[Web page caption snippets]
^^^^^^^^^^^^^^^^

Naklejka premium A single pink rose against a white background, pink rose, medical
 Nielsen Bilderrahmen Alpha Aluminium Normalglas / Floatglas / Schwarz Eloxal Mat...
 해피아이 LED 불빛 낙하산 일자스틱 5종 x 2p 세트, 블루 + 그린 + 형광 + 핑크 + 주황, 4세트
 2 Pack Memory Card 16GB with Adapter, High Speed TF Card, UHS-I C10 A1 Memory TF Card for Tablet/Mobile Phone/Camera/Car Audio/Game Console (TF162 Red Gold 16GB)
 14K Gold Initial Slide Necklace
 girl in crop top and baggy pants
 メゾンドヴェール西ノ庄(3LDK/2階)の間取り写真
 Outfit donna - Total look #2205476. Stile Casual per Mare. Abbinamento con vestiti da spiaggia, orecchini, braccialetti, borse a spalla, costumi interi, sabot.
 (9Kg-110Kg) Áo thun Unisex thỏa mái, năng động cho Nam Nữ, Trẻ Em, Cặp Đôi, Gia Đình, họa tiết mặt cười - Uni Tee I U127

^^^^^^^^^^^^^^^^

If a line above holds the word "Gold", copy it.

Expected output:
 2 Pack Memory Card 16GB with Adapter, High Speed TF Card, UHS-I C10 A1 Memory TF Card for Tablet/Mobile Phone/Camera/Car Audio/Game Console (TF162 Red Gold 16GB)
 14K Gold Initial Slide Necklace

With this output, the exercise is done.